> [Work request]
Output the listing below verbatim, without images.

> [Data shown]
-*-*-

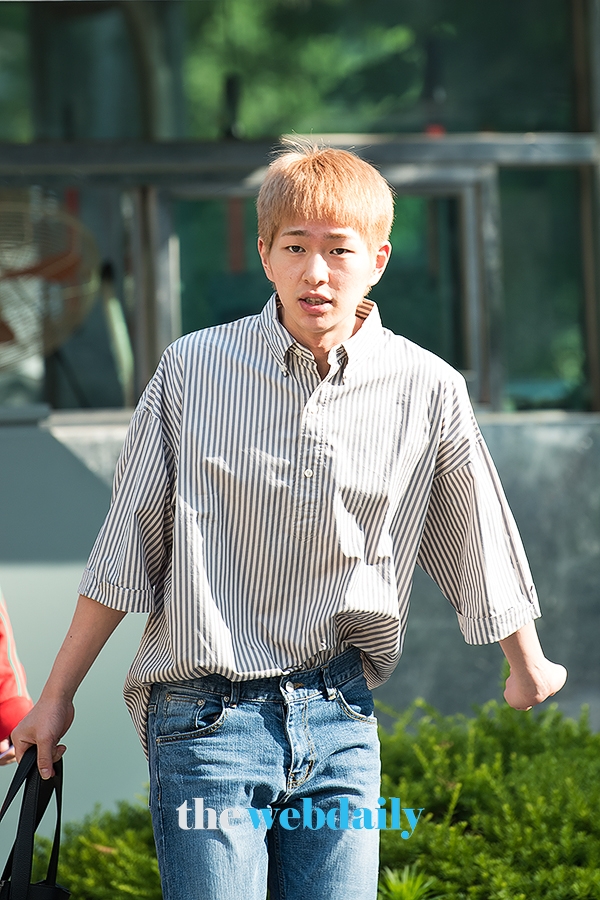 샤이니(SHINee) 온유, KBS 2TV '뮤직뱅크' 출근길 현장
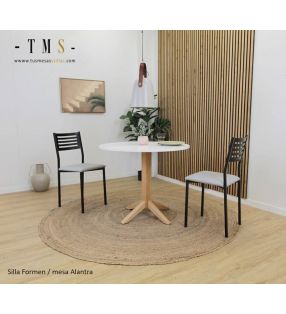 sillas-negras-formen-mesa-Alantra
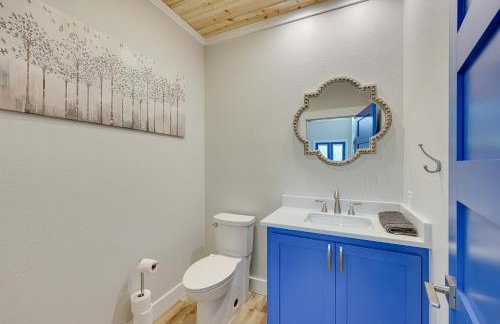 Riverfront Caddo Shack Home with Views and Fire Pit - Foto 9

-*-*-

> [Solution to this task]
 샤이니(SHINee) 온유, KBS 2TV '뮤직뱅크' 출근길 현장
 sillas-negras-formen-mesa-Alantra
 Riverfront Caddo Shack Home with Views and Fire Pit - Foto 9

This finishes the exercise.